German broadcaster Deutsche Welle reports that the surge in Germany’s hairy crab population is triggering local alarm. The problem is that the crabs eat almost anything, posing a serious threat to the survival of local species. In particular they’ve been depleting eel stocks in German rivers. These “armoured animals” – as the newspaper Berliner Kurie calls them – are also notorious for damaging dams and even ruining fishing equipment.
A report by the World Wide Fund for Nature estimates that the Chinese invaders have already cost Germany $100 million in damage and destruction.
To plug some of the financial hole, the Germans have tried boiling crabs for soup or even feeding them to their animals.
More recently they’ve sold crabs to local Asian supermarkets and restaurants. Kindly Chinese merchants have been offering to help out too, shipping crateloads back to China, where crab can fetch about $25 a kilogramme, a huge multiple to the German price.
But how did the hairy crabs end up in Germany? Chinese hairy crab were first seen in Europe as early as 1900 with the first mention from Germany coming in 1912.
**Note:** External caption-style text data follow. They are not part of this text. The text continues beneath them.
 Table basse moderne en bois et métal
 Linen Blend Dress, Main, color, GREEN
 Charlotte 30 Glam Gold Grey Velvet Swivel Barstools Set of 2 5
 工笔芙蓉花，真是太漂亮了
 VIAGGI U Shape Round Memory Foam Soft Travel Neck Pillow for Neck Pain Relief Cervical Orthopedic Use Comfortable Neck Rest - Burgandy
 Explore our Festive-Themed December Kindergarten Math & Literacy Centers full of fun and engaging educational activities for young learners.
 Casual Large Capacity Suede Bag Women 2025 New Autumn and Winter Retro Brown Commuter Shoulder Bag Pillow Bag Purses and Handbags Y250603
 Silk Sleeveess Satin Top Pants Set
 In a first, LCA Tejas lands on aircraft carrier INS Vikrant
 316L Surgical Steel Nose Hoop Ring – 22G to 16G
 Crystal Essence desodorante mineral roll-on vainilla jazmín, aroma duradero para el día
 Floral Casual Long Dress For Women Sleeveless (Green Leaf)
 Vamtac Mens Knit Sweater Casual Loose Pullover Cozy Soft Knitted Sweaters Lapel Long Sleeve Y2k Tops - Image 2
A later investigation by German academics found that crabs were first brought to Europe by merchant ships from China. But it’s not just Germany that is suffering. The River Thames in London also has its fair share, reporting its first visit in 1935. Hairy crab visitors have also made their way to parts of the US and Canada.
But it seems that the crabs have found Germany a particularly pleasant place to set up home. “In China, all the chemical factories and serious pollution of rivers has led to a declining number of hairy crabs,” says the Beijing Times. “On the other hand, Germany’s Elbe and Havel rivers have much cleaner water that are good for breeding.”
Back in China, crab prices continue to climb (they are normally ‘in season’ from September through to November). That’s partly due to rising incomes for crab-eating aficionados, but also because the local catch looks set to decline this year. Supply is going to fall after Typhoon Haikui damaged their main breeding grounds around Suzhou, says Guangzhou Daily.
In the meantime, the ‘Deutsche’ hairy crab looks like being added to Germany’s impressive list of China exports.